● PROBLEM
Lines from the one containing "New 2026 Diamond" through the end of the entries below: set them down exactly, both ends included, with nothing added.

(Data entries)
☆ ☆ ☆ ☆ ☆ ☆ ☆
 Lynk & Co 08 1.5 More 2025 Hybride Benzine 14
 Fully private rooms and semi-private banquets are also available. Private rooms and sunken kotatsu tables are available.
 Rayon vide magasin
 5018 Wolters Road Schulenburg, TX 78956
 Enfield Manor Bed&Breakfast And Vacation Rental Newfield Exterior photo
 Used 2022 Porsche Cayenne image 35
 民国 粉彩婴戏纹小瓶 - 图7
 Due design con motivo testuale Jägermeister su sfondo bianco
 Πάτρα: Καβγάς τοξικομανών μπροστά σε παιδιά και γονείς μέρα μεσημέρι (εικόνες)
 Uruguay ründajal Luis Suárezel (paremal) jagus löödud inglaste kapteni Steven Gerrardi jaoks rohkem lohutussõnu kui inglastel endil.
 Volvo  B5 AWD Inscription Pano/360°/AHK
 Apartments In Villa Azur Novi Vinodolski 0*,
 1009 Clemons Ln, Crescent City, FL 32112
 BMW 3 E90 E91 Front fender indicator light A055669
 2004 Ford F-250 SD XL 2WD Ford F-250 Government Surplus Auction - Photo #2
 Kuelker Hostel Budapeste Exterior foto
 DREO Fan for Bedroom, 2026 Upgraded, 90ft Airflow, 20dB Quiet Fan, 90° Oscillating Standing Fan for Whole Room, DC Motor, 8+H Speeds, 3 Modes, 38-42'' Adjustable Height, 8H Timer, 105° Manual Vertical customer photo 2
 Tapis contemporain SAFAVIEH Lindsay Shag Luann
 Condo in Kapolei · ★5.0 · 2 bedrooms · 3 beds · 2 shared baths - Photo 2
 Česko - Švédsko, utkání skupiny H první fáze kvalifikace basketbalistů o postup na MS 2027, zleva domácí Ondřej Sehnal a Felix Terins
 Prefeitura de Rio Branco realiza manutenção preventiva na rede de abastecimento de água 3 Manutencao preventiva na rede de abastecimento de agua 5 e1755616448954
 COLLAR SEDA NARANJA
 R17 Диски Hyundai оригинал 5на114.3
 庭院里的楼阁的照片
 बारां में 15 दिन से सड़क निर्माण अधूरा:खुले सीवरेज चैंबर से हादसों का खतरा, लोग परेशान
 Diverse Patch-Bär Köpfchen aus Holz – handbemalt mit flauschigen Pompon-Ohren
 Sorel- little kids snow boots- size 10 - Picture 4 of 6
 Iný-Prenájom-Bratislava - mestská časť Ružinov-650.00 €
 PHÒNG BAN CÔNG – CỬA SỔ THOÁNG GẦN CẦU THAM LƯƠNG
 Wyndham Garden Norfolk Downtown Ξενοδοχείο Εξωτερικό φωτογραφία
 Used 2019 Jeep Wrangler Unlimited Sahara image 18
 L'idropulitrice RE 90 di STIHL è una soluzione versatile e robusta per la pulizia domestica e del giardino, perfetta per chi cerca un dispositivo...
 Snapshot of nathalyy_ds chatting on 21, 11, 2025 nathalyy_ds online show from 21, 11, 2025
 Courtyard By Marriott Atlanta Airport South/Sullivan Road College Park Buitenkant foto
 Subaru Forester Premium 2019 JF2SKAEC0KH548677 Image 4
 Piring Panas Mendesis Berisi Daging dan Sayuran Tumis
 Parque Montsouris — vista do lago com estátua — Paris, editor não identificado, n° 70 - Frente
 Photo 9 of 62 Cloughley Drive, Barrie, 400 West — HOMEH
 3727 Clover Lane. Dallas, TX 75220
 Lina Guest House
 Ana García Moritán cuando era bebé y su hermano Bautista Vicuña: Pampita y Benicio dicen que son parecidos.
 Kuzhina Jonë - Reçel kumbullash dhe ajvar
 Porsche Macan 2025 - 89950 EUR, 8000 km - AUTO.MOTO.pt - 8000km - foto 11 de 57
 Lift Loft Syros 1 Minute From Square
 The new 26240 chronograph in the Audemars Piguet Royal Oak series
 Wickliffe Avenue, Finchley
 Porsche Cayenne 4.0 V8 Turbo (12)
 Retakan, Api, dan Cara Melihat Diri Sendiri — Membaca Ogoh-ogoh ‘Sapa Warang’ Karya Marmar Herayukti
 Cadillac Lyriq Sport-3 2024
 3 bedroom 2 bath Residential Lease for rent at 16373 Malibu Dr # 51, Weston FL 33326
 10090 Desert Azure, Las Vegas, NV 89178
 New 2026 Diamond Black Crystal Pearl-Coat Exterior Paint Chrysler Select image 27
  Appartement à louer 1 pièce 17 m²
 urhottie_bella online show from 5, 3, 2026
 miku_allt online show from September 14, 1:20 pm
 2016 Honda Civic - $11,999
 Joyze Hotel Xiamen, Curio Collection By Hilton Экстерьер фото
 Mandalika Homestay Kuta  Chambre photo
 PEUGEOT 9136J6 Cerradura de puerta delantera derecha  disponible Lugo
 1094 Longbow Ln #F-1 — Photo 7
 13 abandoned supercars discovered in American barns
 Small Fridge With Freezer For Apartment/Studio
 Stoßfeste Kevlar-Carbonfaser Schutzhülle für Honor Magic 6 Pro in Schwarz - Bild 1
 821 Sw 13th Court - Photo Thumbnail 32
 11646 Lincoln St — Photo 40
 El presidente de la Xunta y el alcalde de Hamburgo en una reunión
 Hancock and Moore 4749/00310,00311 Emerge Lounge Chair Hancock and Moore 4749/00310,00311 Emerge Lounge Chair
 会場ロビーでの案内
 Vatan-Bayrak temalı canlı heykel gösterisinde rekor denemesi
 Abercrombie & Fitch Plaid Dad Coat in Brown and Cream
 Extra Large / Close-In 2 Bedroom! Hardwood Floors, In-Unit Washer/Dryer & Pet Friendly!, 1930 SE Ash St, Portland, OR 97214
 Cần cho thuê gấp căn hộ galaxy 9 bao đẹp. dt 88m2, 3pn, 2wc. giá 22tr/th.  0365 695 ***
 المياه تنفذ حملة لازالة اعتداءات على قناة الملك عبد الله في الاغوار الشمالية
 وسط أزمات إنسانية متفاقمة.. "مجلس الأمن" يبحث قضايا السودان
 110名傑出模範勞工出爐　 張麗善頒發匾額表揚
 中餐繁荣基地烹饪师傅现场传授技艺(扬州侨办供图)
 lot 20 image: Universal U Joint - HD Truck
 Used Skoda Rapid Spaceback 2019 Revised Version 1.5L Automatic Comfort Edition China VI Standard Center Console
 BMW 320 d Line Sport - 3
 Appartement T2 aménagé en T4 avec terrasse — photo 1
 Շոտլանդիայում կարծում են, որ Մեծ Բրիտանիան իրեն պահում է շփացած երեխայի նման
☆ ☆ ☆ ☆ ☆ ☆ ☆
● ANSWER FOR THE TASK
 New 2026 Diamond Black Crystal Pearl-Coat Exterior Paint Chrysler Select image 27
  Appartement à louer 1 pièce 17 m²
 urhottie_bella online show from 5, 3, 2026
 miku_allt online show from September 14, 1:20 pm
 2016 Honda Civic - $11,999
 Joyze Hotel Xiamen, Curio Collection By Hilton Экстерьер фото
 Mandalika Homestay Kuta  Chambre photo
 PEUGEOT 9136J6 Cerradura de puerta delantera derecha  disponible Lugo
 1094 Longbow Ln #F-1 — Photo 7
 13 abandoned supercars discovered in American barns
 Small Fridge With Freezer For Apartment/Studio
 Stoßfeste Kevlar-Carbonfaser Schutzhülle für Honor Magic 6 Pro in Schwarz - Bild 1
 821 Sw 13th Court - Photo Thumbnail 32
 11646 Lincoln St — Photo 40
 El presidente de la Xunta y el alcalde de Hamburgo en una reunión
 Hancock and Moore 4749/00310,00311 Emerge Lounge Chair Hancock and Moore 4749/00310,00311 Emerge Lounge Chair
 会場ロビーでの案内
 Vatan-Bayrak temalı canlı heykel gösterisinde rekor denemesi
 Abercrombie & Fitch Plaid Dad Coat in Brown and Cream
 Extra Large / Close-In 2 Bedroom! Hardwood Floors, In-Unit Washer/Dryer & Pet Friendly!, 1930 SE Ash St, Portland, OR 97214
 Cần cho thuê gấp căn hộ galaxy 9 bao đẹp. dt 88m2, 3pn, 2wc. giá 22tr/th.  0365 695 ***
 المياه تنفذ حملة لازالة اعتداءات على قناة الملك عبد الله في الاغوار الشمالية
 وسط أزمات إنسانية متفاقمة.. "مجلس الأمن" يبحث قضايا السودان
 110名傑出模範勞工出爐　 張麗善頒發匾額表揚
 中餐繁荣基地烹饪师傅现场传授技艺(扬州侨办供图)
 lot 20 image: Universal U Joint - HD Truck
 Used Skoda Rapid Spaceback 2019 Revised Version 1.5L Automatic Comfort Edition China VI Standard Center Console
 BMW 320 d Line Sport - 3
 Appartement T2 aménagé en T4 avec terrasse — photo 1
 Շոտլանդիայում կարծում են, որ Մեծ Բրիտանիան իրեն պահում է շփացած երեխայի նման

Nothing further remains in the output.